TMP_M8="$TMPDIR_LOCAL/out.tmp.m8"
mmseqs convertalis "$PEPTIDE_DB" "$PEPTIDE_DB" "$RESULT_DB" "$TMP_M8"
--format-output "query,target,pident,alnlen,mismatch,gapopen,qstart,qend,tstart,tend,evalue,bits"
gzip -c "$TMP_M8" > "$OUT_M8"
rm -f "$TMP_M8"
---- Step 6. Filter self-hits and short/low-identity alignments ----
FILTERED_M8="$OUTDIR/out.filtered.m8.gz" zcat "$OUT_M8" | awk -F'\t' '$1 != $2 && $3 >= 30 && $4 >= 6' | gzip > "$FILTERED_M8"
---- Step 7. Optional: global alignment on filtered hits only ----
GLOBAL_RESULT_DB="$TMPDIR_LOCAL/resultDB_global" GLOBAL_M8="$OUTDIR/out.filtered_global.m8.gz"
Extract filtered IDs
zcat "$FILTERED_M8" | cut -f1,2 | tr '\t' '\n' | sort -u > "$TMPDIR_LOCAL/filtered_ids.txt"
---- Step 8. Cleanup ----
rm -rf "$TMPDIR_LOCAL"
echo "[$(date)] All-vs-all MMseqs2 workflow completed successfully."

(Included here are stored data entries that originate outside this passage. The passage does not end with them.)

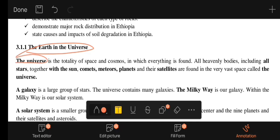What is the universe? The universe is the totality of space and cosmos. The space is the cosmos, the totality of the universe, in which everything is found.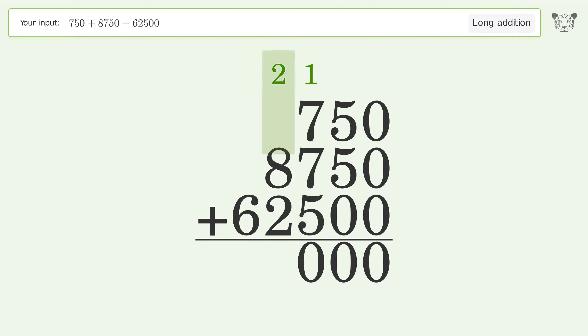Two plus eight plus two equals twelve. Carry one to the ten thousands place.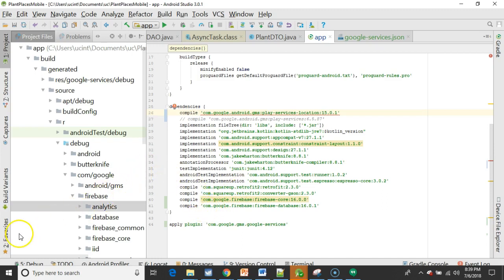So I've done a rebuild everything looks good. Now we'll go ahead and wrap up this video in the next video we will actually do some implementation of this in our GPS app. I look forward to seeing you then. Thank you.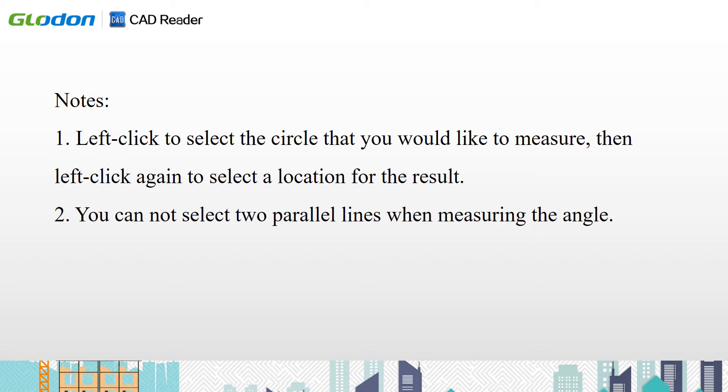Secondly, you cannot select two parallel lines when measuring the angle.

Any thoughts or suggestions would be greatly appreciated.
You can try the parameters we proposed in SpacePHARER (https://academic.oup.com/bioinformatics/article/37/19/3364/6207963):
--seed-sub-mat VTML40.out --gap-open 16 --gap-extend 2 --spaced-kmer-pattern 10111011 -k 6
Or switch to a gapless alignment --prefilter-mode 1 (or --gpu 1 with MMseqs2-GPU).
@milot-mirdita thank you for the suggestion. It seems that the issue is irrespective of alignment. Regardless of whether or not the alignment is correct, the result.m8 file that does not contain any filtering should contain the correct number of pairs that it attempted to align if I am understanding how the MMseqs2 tool works. If there is no alignment/sequence similarity than the pident = 0 and the pair comparison should be still part of the output document.

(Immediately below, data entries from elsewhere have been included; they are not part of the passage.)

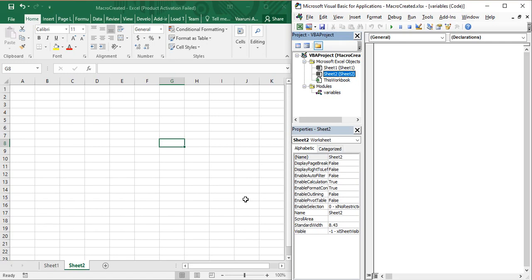Hello guys, welcome back to the YouTube channel Programming Knowledge. In today's Microsoft Excel VBA video we are going to continue our discussion which we started in the previous video about variables. Variables are used extensively everywhere in any programming language, and VBA is going to extensively use variables in the upcoming lessons, so it is better to have a clear understanding of the concept.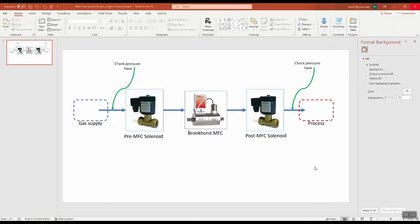In this video I would like to show how to configure a Bronkhorst mass flow controller with Siemens TIA Portal and Siemens PLC using the PROFIBUS interface. Here is a quick overview of the total mass flow system.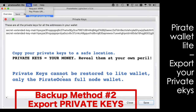The private keys on the light wallet cannot be restored to the light wallet — only to the Pirate Ocean full node wallet. But those keys I find very important. I had a problem with my light wallet and could not get it to restore. I had my keys, I restored those keys to the full wallet, and that got me back in business.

No, MMseqs2 does not exhaustively align everything. Hits that are rejected by the filtering steps are not reported later.

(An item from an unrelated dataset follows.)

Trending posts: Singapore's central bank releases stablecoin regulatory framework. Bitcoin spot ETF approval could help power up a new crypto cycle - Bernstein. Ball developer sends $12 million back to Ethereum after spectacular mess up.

@milot-mirdita Thank you. As I mentioned there is purposefully no filtering for the result.m8 file (i.e. out.m8 file in my code) because I want to see all of the pair comparisons before they are passed to the filtering.result.m8 file (i.e. out.filtered.m8 file in my code). So, because I am not adding any filtering for the result.m8 file, I am trying to find out if there is some level of default filtering that going on under the "hood" that I am not aware of that is causing the behavior that I am experiencing. That is, 25 peptide sequences are input which should yield 625 peptide pairs but it only produces 30 peptide pairs in the out.m8 file. Otherwise, the behavior suggests that there may be a bug.